Records contained in a dataset
▼

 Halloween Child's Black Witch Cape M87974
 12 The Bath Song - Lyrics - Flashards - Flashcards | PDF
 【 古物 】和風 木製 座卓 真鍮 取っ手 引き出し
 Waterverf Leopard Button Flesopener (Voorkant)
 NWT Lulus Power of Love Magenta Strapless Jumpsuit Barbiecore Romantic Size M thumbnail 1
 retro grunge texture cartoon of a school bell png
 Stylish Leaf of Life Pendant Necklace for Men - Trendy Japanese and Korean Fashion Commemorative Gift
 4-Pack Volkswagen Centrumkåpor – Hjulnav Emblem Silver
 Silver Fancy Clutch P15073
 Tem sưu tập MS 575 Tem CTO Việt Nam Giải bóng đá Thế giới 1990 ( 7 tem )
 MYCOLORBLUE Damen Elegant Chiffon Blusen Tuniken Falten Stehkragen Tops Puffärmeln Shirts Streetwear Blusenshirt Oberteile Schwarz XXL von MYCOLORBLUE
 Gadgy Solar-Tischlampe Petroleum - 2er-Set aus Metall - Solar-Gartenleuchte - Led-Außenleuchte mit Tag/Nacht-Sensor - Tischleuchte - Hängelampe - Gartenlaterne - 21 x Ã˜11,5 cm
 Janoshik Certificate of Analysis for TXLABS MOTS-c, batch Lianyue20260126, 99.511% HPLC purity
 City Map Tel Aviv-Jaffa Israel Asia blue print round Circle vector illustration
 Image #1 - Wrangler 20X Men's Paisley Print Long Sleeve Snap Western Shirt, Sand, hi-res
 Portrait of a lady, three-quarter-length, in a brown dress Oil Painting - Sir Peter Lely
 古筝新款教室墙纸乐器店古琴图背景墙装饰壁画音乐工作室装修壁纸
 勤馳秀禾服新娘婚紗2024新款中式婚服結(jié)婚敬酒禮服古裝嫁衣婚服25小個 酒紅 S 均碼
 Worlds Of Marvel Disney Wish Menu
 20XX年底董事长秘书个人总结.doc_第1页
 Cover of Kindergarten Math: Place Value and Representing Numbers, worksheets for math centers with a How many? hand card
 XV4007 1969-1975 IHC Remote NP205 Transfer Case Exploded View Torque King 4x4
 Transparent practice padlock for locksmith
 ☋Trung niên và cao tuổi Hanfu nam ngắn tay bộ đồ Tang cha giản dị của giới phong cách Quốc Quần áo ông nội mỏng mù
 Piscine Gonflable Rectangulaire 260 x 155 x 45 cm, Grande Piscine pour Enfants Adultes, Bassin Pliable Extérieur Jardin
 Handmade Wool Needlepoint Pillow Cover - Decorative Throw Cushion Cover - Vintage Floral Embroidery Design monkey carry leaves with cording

▲

Work required:
Would you retype the lines above from the one with "retro grunge texture" down to the one with "Silver Fancy Clutch P15073", word for word, both ends included and no other lines?

Result below:
 retro grunge texture cartoon of a school bell png
 Stylish Leaf of Life Pendant Necklace for Men - Trendy Japanese and Korean Fashion Commemorative Gift
 4-Pack Volkswagen Centrumkåpor – Hjulnav Emblem Silver
 Silver Fancy Clutch P15073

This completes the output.